### Handling underflow using transfer

• Deleting the last entry from a node

• Deleting an entry e from a node p with exactly 1 entry:

 will produce an "empty" node.... This condition is called an underflow

• Comment:

• The exact meaning of underflow is:

 A node that violates the subtree range condition is in an overflow (too many subtrees) or in an underflow (too few subtrees) condition

• You will see that delete will also propagate up into the tree by a merge operation

• The merge operation will remove:

 one entry one subtree (the child node that got "merged into oblivion" will disappear)

• The resulting node in a 2,4-tree will have:

 Zero entries But: One subtree

• So technically, the node is not empty, but underflow because:

 Number of subtrees of a node in a 2,4-tree must be between 2 to 4 The underflow node has 1 subtree

• There are 2 methods used to handle underflow (= too few subtrees):

 Transfer one subtree from an immediate sibling node into the underflow node Merge the underflow node (with has < 2 subtrees) with one of the immediate sibling nodes (After the merge, the resulting node will have enough subtrees)

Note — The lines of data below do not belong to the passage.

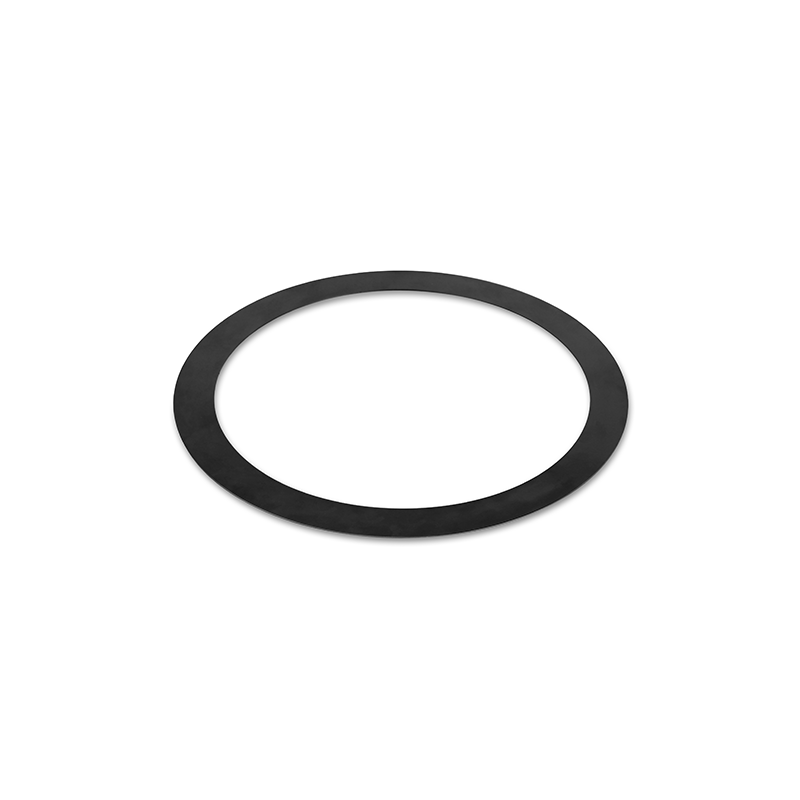 VERLOOPRING METAAL | ZWART | Ø227-277mm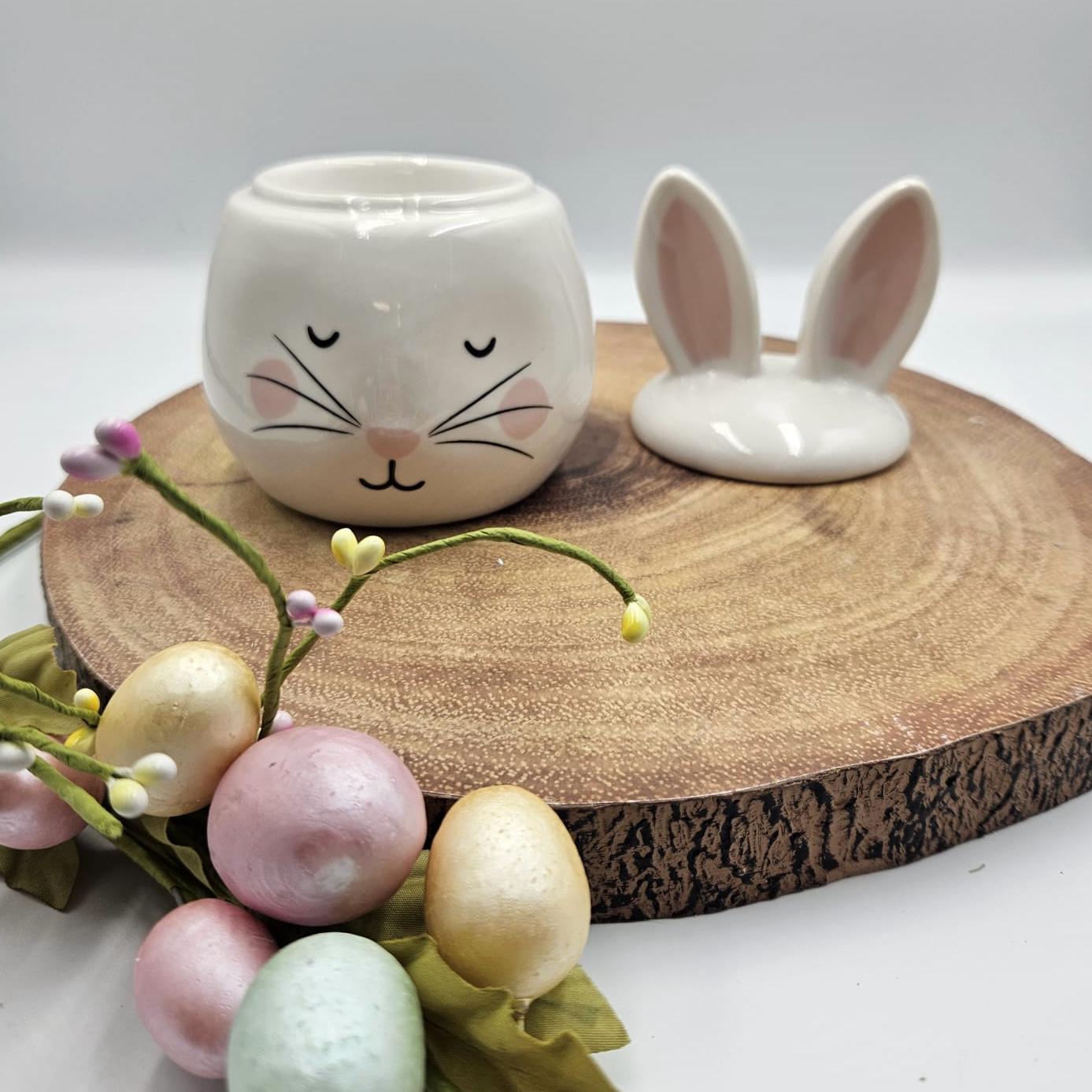 Bunny Face Tea Light Burner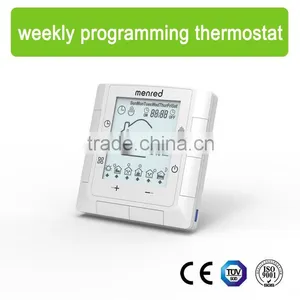 LS6.716 Electric Heating LCD Thermostat thumbnail-1
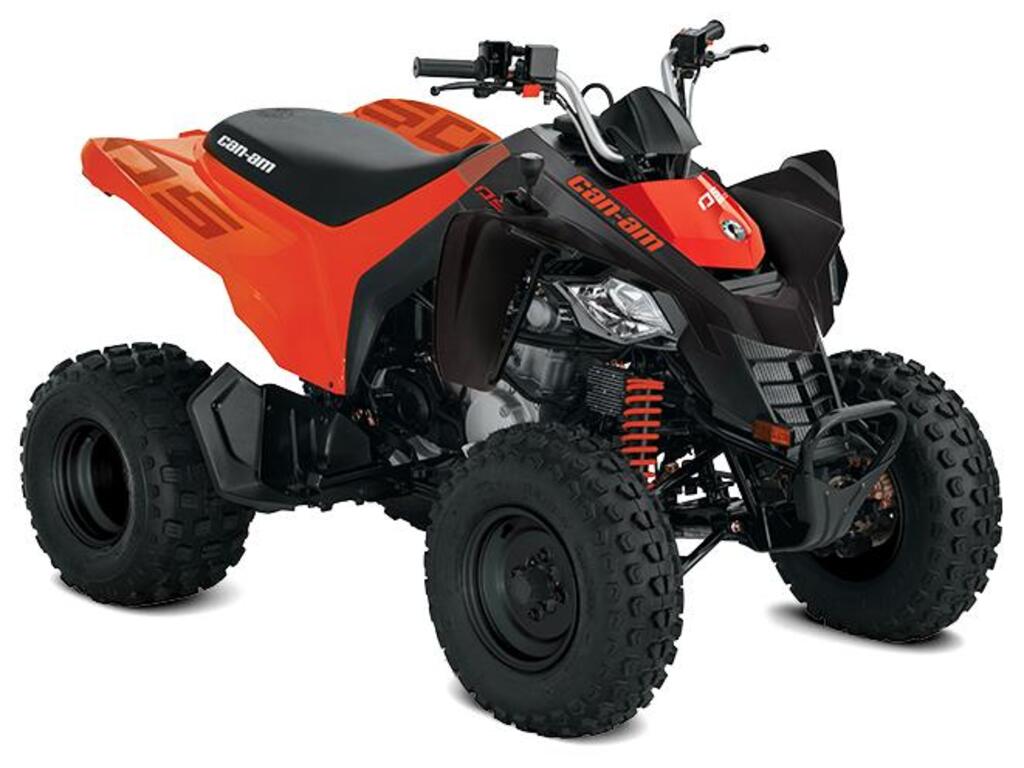 Sport ATV Can-Am DS 250 2025 à vendre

• Overview: handling underflow

• Brief overview for handling an underflow situation in the node p (i.e., node p has fewer than 2 subtrees):

1. If one (left or right) immediate sibling node of node has ≥ 3 subtrees:

 Transfer a subtree from the sibling node into the underflow node

Because a subtree requires a search key to decide the branch direction, to keep the correct key storage structure, the tree transfer operation requires:

 Transfer the entry from node p's parent to replace the deleted entry e in node p,      and       Transfer an entry from the immediately sibling to node p's parent

2. If both immediate sibling nodes of node p have 1 entry:

• Merge:

 Node p's parent entry (1 entry) Node p's sibling node (with 1 entry in it)

into one single node

Notice that:

• The merge operation will remove:

 One entry from node p's parent node One subtree from node p's parent node

Consequently:

 Node p's parent node can itself become underflow (i.e., has 1 subtree) !!!

Solution:

• Repeat the same procedure at p's parent node

• In other words:

 Solve the same problem at a node higher up in the tree

• In yet other words:

 Use recursion !!!

• This brief overview is probably incomprehensive right now...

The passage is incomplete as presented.